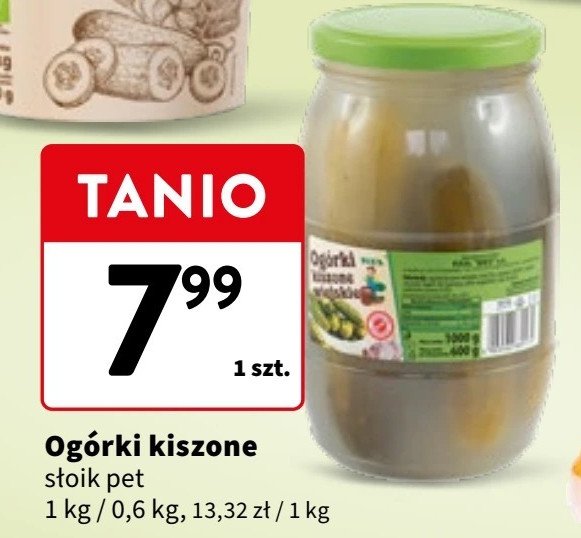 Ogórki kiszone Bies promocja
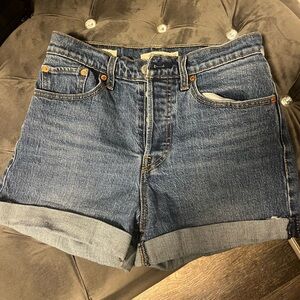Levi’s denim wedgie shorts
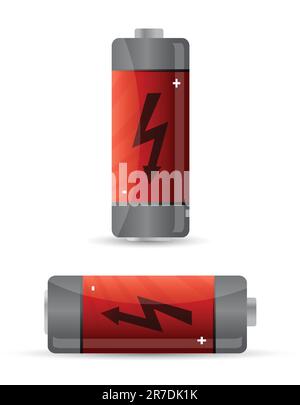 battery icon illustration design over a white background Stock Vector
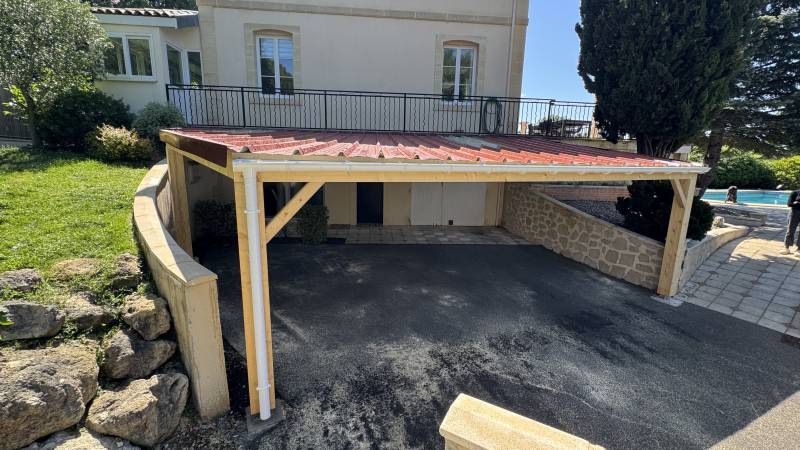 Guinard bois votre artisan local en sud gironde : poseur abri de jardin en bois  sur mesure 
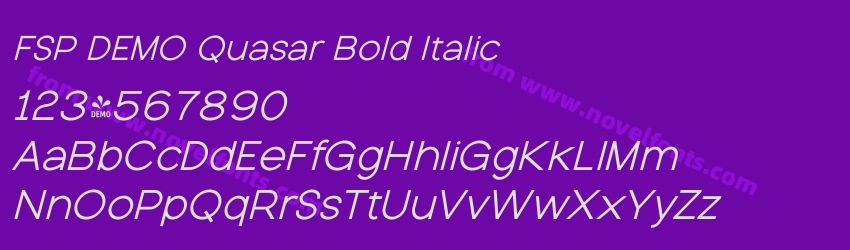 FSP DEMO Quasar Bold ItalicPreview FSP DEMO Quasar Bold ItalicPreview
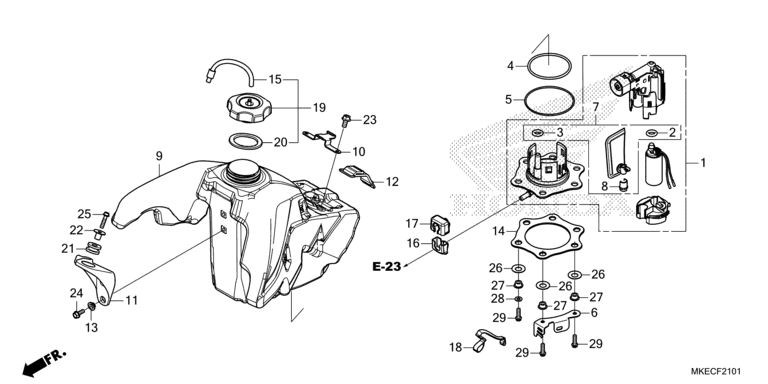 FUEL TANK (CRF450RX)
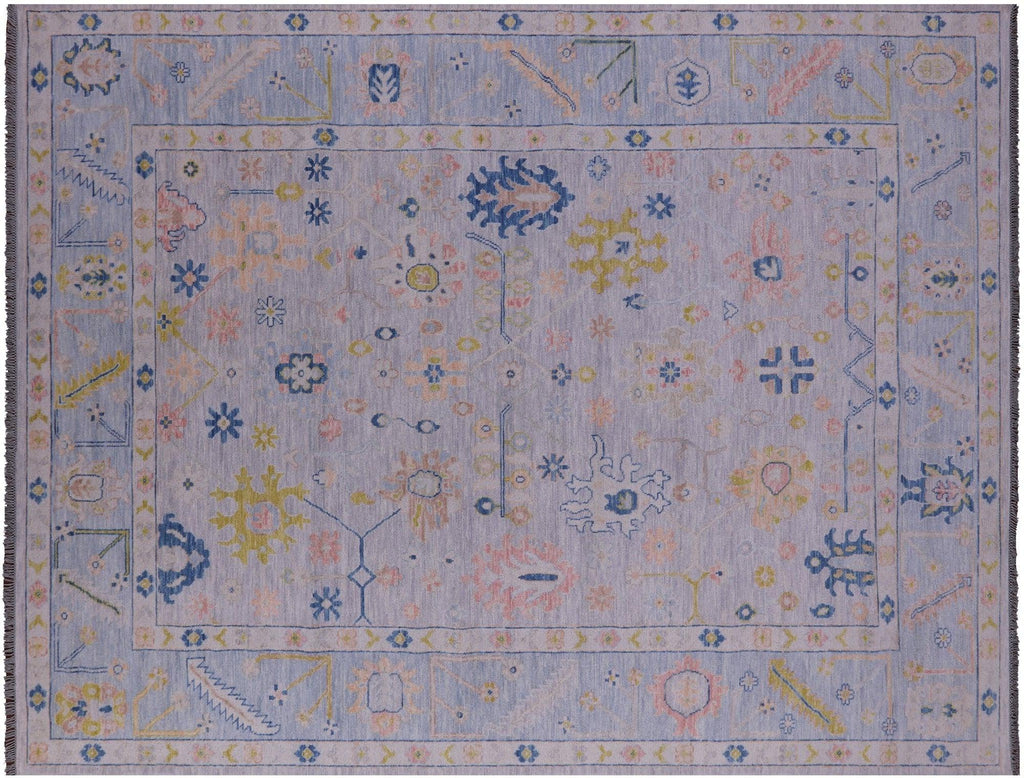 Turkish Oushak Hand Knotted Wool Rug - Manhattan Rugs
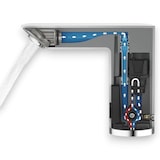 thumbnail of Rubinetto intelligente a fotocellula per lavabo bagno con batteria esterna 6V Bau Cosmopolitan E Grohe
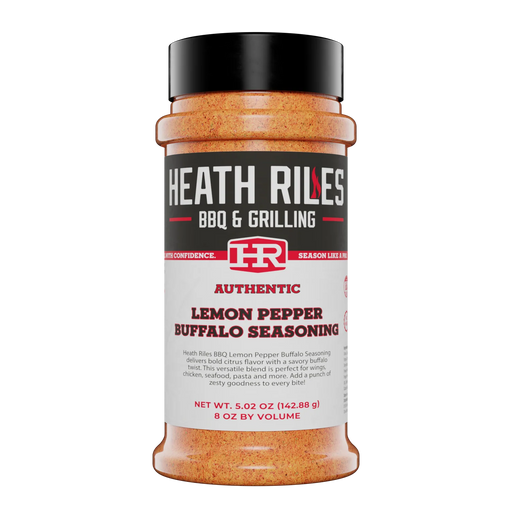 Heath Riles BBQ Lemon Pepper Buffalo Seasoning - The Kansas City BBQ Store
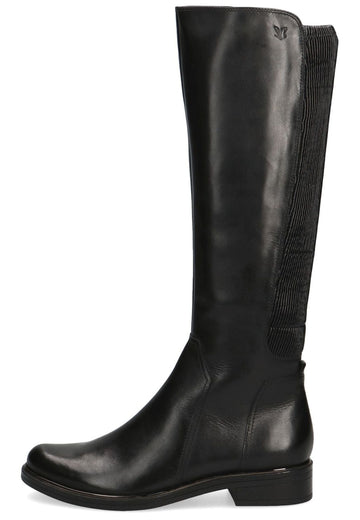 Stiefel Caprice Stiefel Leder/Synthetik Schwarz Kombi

Exercise:
All lines from the one containing "Levi’s denim wedgie shorts" to the last line of the records above, both included, need to be repeated word for word; omit the pictures.

Answer box:
Levi’s denim wedgie shorts
 battery icon illustration design over a white background Stock Vector
 Guinard bois votre artisan local en sud gironde : poseur abri de jardin en bois  sur mesure 
 FSP DEMO Quasar Bold ItalicPreview FSP DEMO Quasar Bold ItalicPreview
 FUEL TANK (CRF450RX)
 Turkish Oushak Hand Knotted Wool Rug - Manhattan Rugs
 thumbnail of Rubinetto intelligente a fotocellula per lavabo bagno con batteria esterna 6V Bau Cosmopolitan E Grohe
 Heath Riles BBQ Lemon Pepper Buffalo Seasoning - The Kansas City BBQ Store
 Stiefel Caprice Stiefel Leder/Synthetik Schwarz Kombi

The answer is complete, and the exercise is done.